(Supplied information)

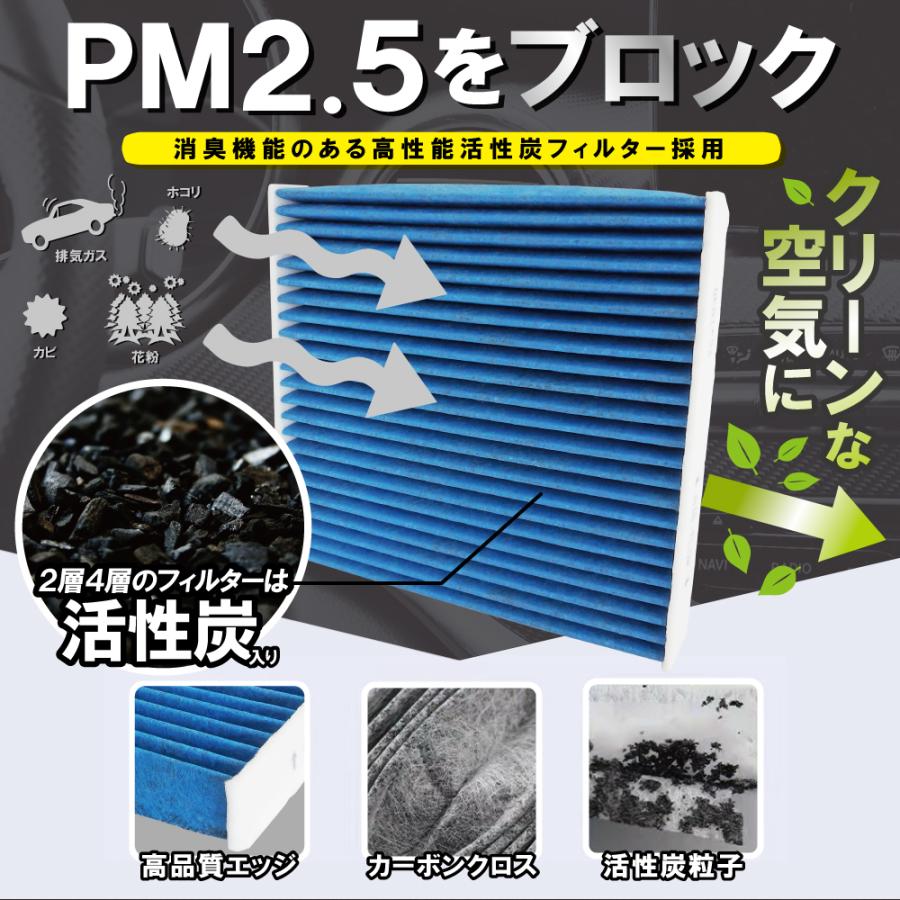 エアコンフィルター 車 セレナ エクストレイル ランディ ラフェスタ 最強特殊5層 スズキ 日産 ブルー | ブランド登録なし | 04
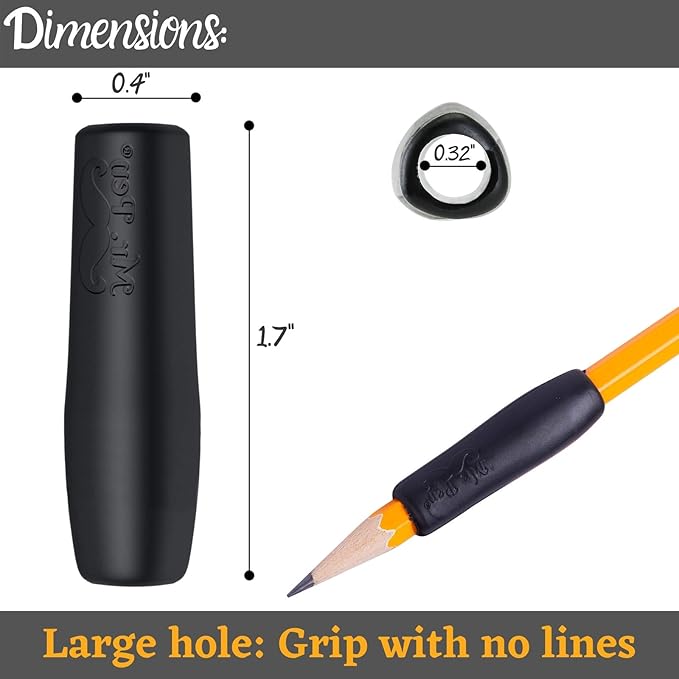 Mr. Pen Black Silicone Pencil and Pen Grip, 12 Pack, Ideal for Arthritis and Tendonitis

(End Supplied information)
(Supplied information)

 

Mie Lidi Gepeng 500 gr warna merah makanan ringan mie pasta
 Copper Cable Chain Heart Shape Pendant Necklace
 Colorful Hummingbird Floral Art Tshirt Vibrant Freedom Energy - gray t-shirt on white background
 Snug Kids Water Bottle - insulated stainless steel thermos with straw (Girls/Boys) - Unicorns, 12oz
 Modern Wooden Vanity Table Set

(End Supplied information)

Write out, from the lines above, only those from the line with "Mie Lidi Gepeng" to the line with "Modern Wooden Vanity Table Set", exactly as given, including the first and the last.

Exercise answer:
Mie Lidi Gepeng 500 gr warna merah makanan ringan mie pasta
 Copper Cable Chain Heart Shape Pendant Necklace
 Colorful Hummingbird Floral Art Tshirt Vibrant Freedom Energy - gray t-shirt on white background
 Snug Kids Water Bottle - insulated stainless steel thermos with straw (Girls/Boys) - Unicorns, 12oz
 Modern Wooden Vanity Table Set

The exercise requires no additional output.